If you're interested in contributing, please submit your story here.

Your Stories

Wow. I came to this website with apprehension. Is this a trick? Am I going to be insulted, threatened with damnation, made fun of? Told I have to believe, or else!? I started getting teary eyed around the fourth apology and was crying by the end. Your apologies are brave, and I forgive you.

I apologize for all the times I feared you when you revealed yourself to be a Christian. I apologize for all the times I rejected your thoughts and opinions just because you are a Christian. I apologize for all the times my beliefs in universal unity wavered. I apologize for all the times my patience gave out.
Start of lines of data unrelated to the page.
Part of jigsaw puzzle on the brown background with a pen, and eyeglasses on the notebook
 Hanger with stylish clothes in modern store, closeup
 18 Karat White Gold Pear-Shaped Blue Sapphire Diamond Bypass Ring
I think we have a lot more to offer one another and a lot more to gain from coming together then we have by staying separated and pulling apart. Hopefully one day we will all come together under the umbrella of love.

--Jennifer

I am not Christian. I am sorry that I rolled my eyes when I saw the name of this site. I am sorry that I judged every Christian on the planet to be the same.

--Anonymous

I am a "recovering" Catholic living in a mid-sized city in the Bible Belt. I'm also a published writer, and I make no bones about my atheism in my writing. My children are both beautiful, smart, funny, kind-hearted kids, but they have very few friends. My husband heard recently from the rumor-mill at work that some of the ladies on our block have said that they don't let their kids play with mine because we don't go to church. I don't mind so much that we don't get invitations to the neighborhood get-togethers. We'd rather stay home, anyway; we enjoy each others' company. But it upsets me greatly that my children are having a lonely childhood because my neighbors are intolerant of religious difference. It hardly seems Christ-like to punish them for our beliefs.

--Wendy

I read through the apologies on this site and unexpectedly started crying my eyes out. I was raised in the church and left a long time ago. There are too many stories to even begin to share here. It amazes me that something that is supposedly all about love and grace can cause so very much wrenching pain and damage....can't even begin to say...

--Anonymous

I have to say that I came here with doubts. But I can leave saying that this is a wonderful website. I used to be Christian, but have since left because of what I felt was intolerance, hatred, and the unwillingness to listen to others who were different in any way. I still feel that there are many Christians out there who are like this, but more and more everyday I meet many who aren't. I feel like they are also getting the crappy end of the stick because the intolerant Christians are shutting them out.

But this is an apology website. I do apologize for hating Christians when I was younger. I can't hate an entire group for the failings of a few. I do apologize for laughing at Christians. It was just as bad as some laughing at me.

I think with age comes maturity and I realize now that I can't hate people at all. I can dislike, that's something you can't help, but I can no longer hate people. I wish that people of any religion could understand that. It's ok to disagree, but hatred just pulls everyone down.

--Lex

I am glad to see so many people who can recognise how Christians sometimes portray themselves to those who are not Christian. I believe those that seek to walk in the footsteps of Christ, do not seek anything more than to improve themselves and to demonstrate by example. I am not a Christian, but I walk in the footsteps of Christ daily. I seek to lead by example, and to encourage personal growth in others. The results of this are the same whether you are Christian, Buddhist, Sikh, or indeed, as is the case with me, Pagan. Christianity is a language of good people, but it is only one of many languages that we speak as humans.

--Peter

I was raised a Christian. I had no bad experiences during the time I was one. I have no horror stories to tell, no sordid tales of abuse. All that happened was that, as I got older, I realized it just really wasn't my path. It's that simple. I guess another way to say it is simply that my mind understands Deity in a different way.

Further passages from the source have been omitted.